А вот сразу после поступления:
«…Письмо твоё получил, спасибо. Очень рад твоему вступлению (наконец-то!) на стезю „настоящей“ науки. Завидую твоему посещению Пулкова. Я и не подозревал, что там до сих пор такие разрушения. Жалко, что с тобой не было ФЭДа, вот бы снимки получились! Кстати, если тебя это интересует, разрушение обсерватории видел наш батя. Он конвоировал боеприпасы на фронт и был свидетелем бомбардировки Пулкова (в частности и обсерватории) дальнобойными пушками немцев. Помню, он рассказывал это на кухне, отогревая ноги в тазу с горячей водой — заросший, грязный. Какое это было время!» (сентябрь 1950 г.).
Пулково было поистине магическим местом для АБС. На Пулковских высотах, там, где сейчас стоит танк возле шоссе, едва не погиб их отец, и там же юный Аркадий впервые держал в руках оружие и стрелял боевыми на поражение. А напротив, на высоком холме расположилась Главная астрономическая обсерватория (ГАО), одна из старейших в России, ещё в XIX веке получившая титул астрономической столицы мира — священная обитель большой науки и крылатой мечты человечества о звёздах.
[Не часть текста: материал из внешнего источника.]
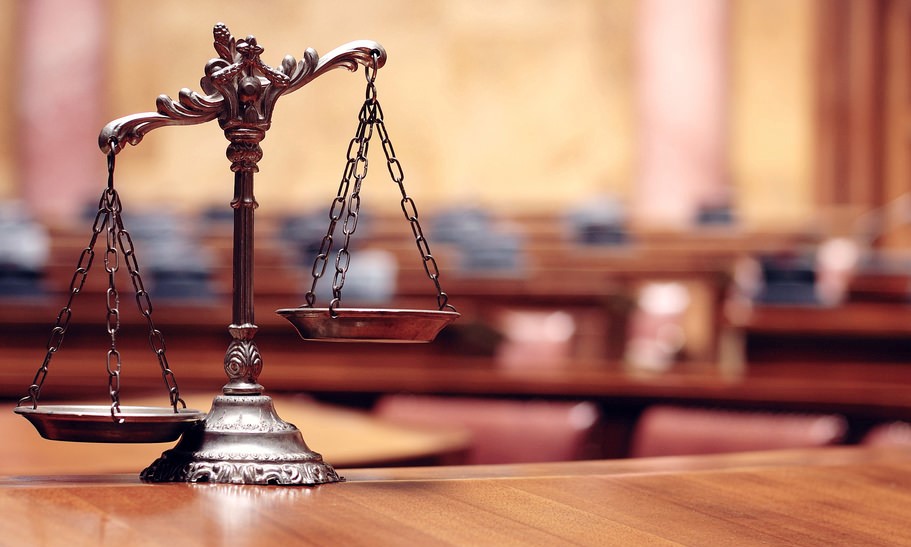 ترازو؛ پلی میان مردم و وکلای تخصصی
Обсерватория, куда Борис впервые попадёт, ещё едва поступив на матмех, а в 55-м придёт туда в аспирантуру и останется на долгие десять лет сотрудником, чтобы воспеть это место и сохранить в веках теперь ещё и в новом качестве — в качестве литературного прототипа НИИЧАВО. Ведь именно там рождалась одна из самых популярных книг АБС, которой вот уже больше сорока лет зачитываются и восхищаются миллионы.
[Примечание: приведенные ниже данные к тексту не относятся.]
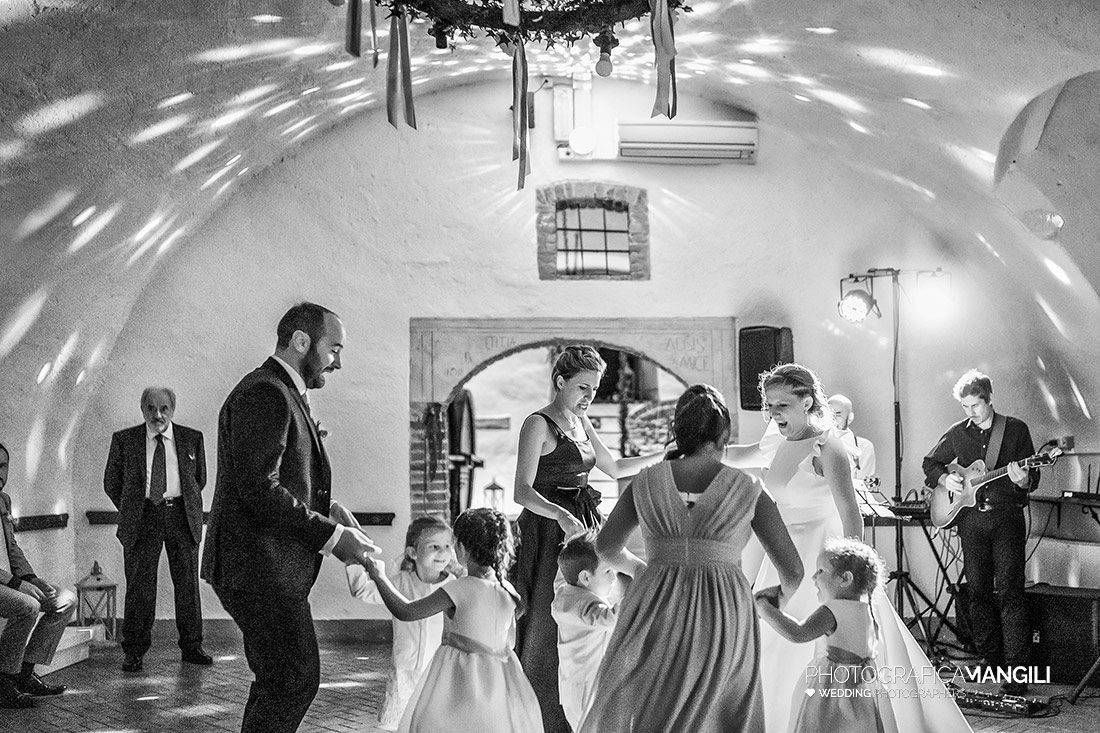 084 reportage wedding sposi foto balli matrimonio castello marigolda curno bergamo 084 reportage wedding sposi foto balli matrimonio castello marigolda curno bergamo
Вернёмся к письму из 1950 года:
«…насчёт песни. Как я уже тебе писал, в основном all right, но! „Пусть мертвецы валяются“ — за эту фразу досталось бы тебе от Аверченко. Затем, „коченеть“ человеку приходится — увы! — далеко не один раз в жизни. Не веришь — спроси любого солдата. Кроме того, твоё неотразимое „к чорту!“ несколько отдает дешёвкой, чего никак нельзя допускать в нашем возрасте. В остальном всё в порядке. Да, ещё одно. „Кровь“ и „любовь“ рифмуются, но этого мало. Нужно, чтобы смысл куплета хоть немного оправдывал это самое „пусть кипит любовь“, а то оно повисает в воздухе. Так что, с твоего разрешения, не утверждаю и предлагаю переделать, чтобы второй куплет был достоин первого (который, кстати, требуется на бис и распевается уже многими моими коллегами). Правда, и в первом я заменил экспансивное, но крикливое „черти визжат свинцовые“ на более прозаическое, но, как мне кажется, солидное „пули визжат…“, в чем и прошу твоего авторского извинения».